Download and install conda. You are free to either install full conda or the much simpler version miniconda. Conda includes many pre-installed packages, while Miniconda is a smaller, minimal installation. Conda's larger size can be a disadvantage on smaller devices. Verify your installation by running conda help in a terminal; it should display the conda help message. If it doesn't work, you may need to configure a system variable to point to the conda installation.
If you have successfully installed conda, then you should be able to execute the conda command in a terminal.

Conda will always tell you what environment you are currently in, indicated by the (env_name) in the prompt. By default, it will always start in the (base) environment.
Try creating a new virtual environment. Make sure that it is called my_environment and that it installs version 3.11 of Python. What command should you execute to do this?

Use Python 3.8 or higher

We recommend using Python 3.8 or higher for this course. Generally, using the second latest Python version (currently 3.12) is advisable, as the newest version may lack support from all dependencies. Check the status of different Python versions here.
Solution
```
conda create --name my_environment python=3.11
```
Which conda command gives you a list of all the environments that you have created?
Solution
```
conda env list
```
Which conda command gives you a list of the packages installed in the current environment?
Solution
```
conda list
```
1. How do you easily export this list to a text file? Do this, and make sure you export it to a file called environment.yaml, as conda uses another format by default than pip.
  Solution
```
conda list --explicit > environment.yaml
```
2. Inspect the file to see what is in it.
3. The environment.yaml file you have created is one way to secure reproducibility between users because anyone should be able to get an exact copy of your environment if they have your environment.yaml file. Try creating a new environment directly from your environment.yaml file and check that the packages being installed exactly match what you originally had.
  Solution
```
conda env create --name <environment-name> --file environment.yaml
```
As the introduction states, it is fairly safe to use pip inside conda today.

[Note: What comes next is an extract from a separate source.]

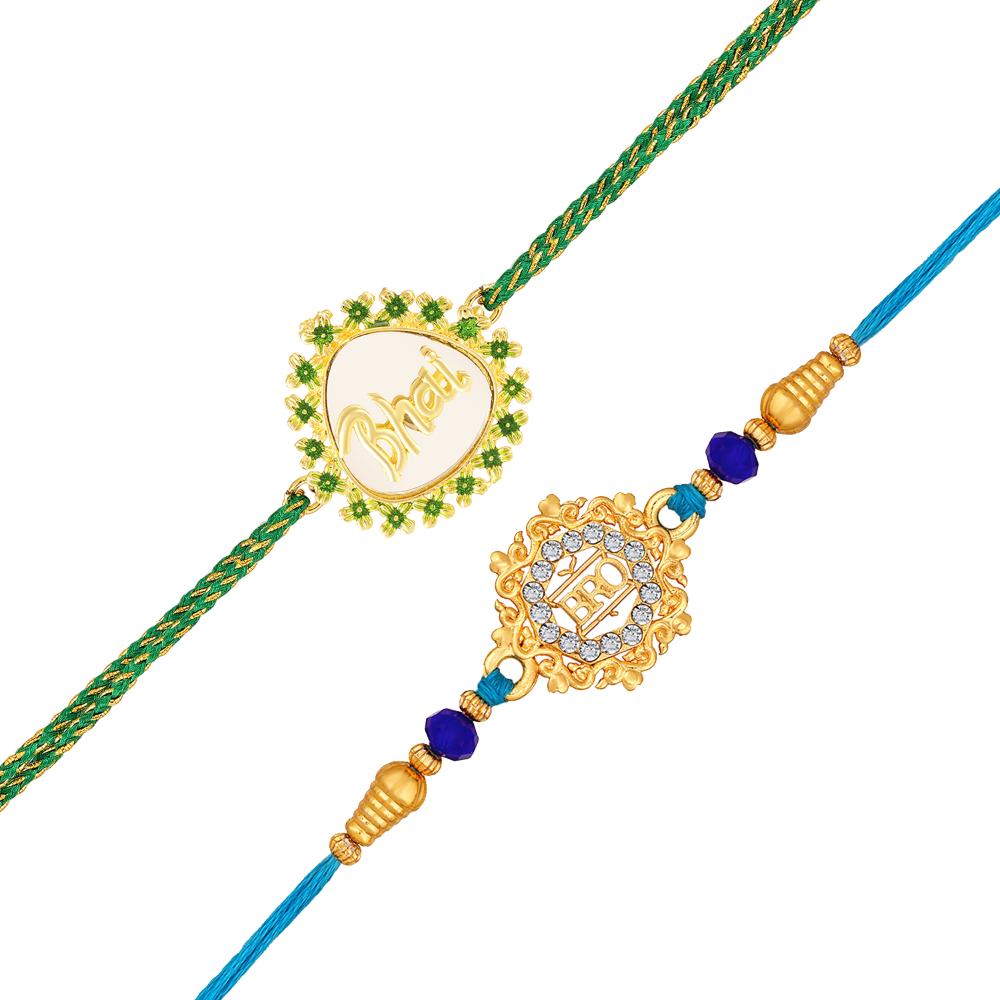 Mahi Bhai & Bro Engraved Rakhi Combo Set of 2 for Brothers (RCO1105846G)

What is the corresponding pip command that gives you a list of all pip installed packages? And how do you export this to a requirements.txt file?
Solution
```
pip list # List all installed packages
pip freeze > requirements.txt # Export all installed packages to a requirements.txt file
```
If you look through the requirements that both pip and conda produce, you will see that they are often filled with a lot more packages than what you are using in your project. What you are interested in are the packages that you import in your code: from package import module. One way to get around this is to use the package pipreqs, which will automatically scan your project and create a requirements file specific to that. Let's try it out:
1. Install pipreqs:
```
pip install pipreqs
```
2. Either try out pipreqs on one of your own projects or try it out on some other online project. What does the requirements.txt file that pipreqs produces look like compared to the files produced by either pip or conda?

🧠 Knowledge check

Try executing the command
```
pip install "pytest < 4.6" pytest-cov==2.12.1
```
based on the error message you get, what would be a compatible way to install these?
Solution

As pytest-cov==2.12.1 requires a version of pytest newer than 4.6, we can simply change the command to be:
```
pip install "pytest >= 4.6" pytest-cov==2.12.1
```
but there of course exist other solutions as well.

This ends the module on setting up virtual environments. While the methods mentioned in the exercises are great ways to construct requirement files automatically, sometimes it is just easier to sit down and manually create the files, as you in that way ensure that only the most necessary requirements are installed when creating a new environment.